Yukarıdaki ayetlerden çıkan sonuç; Yüce Allah insana tuzak ve pusu kurmamakta, hile hurdayla insanlara ilahlık yapmamaktadır. Yüce Allah haksız yere iftiralarla, desiselerle her türlü teknolojinin imkanlarını kötüye kullanarak ses kayıtları, gizli kameralar, montajlar yaparak izzetli ve şerefli insanları lekeleyerek bunu da Allah adına yapanların pusularını, tuzaklarını, şeytani entrikalarını bozmaktadır. Elbette Yüce Allah da tuzakları hazırlayanların tuzaklarını başına geçirecektir. Allah'ın adaleti bunu gerektirir.

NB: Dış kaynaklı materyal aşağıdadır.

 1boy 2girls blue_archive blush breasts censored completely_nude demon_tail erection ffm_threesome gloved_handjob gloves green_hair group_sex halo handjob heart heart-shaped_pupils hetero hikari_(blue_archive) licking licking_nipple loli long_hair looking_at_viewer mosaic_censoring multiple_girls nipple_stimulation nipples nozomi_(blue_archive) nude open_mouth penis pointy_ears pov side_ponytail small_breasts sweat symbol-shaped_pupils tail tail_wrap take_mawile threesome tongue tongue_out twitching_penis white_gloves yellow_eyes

Descartes'in meşhur sözü şudur: "Yüce Varlık aldatmaz." Eğer aldatıyorsa Allah olmaz. İnsan aldatmayan Allah'a inanır, güvenir ve ona teslim olur.
İbrahim Hakkı'nın iki dörtlüğüyle bitirelim yazımızı:
Hak şerleri hayr eyler
Zan etme ki ğayr eyler
Ârif ânı seyr eyler
Mevlâ görelim neyler
Neylerse güzel eyler...
Sen adli zulüm sanma
Teslim ol oda yanma
Sabr et sakın usanma
Mevlâ görelim neyler
Neylerse güzel eyler...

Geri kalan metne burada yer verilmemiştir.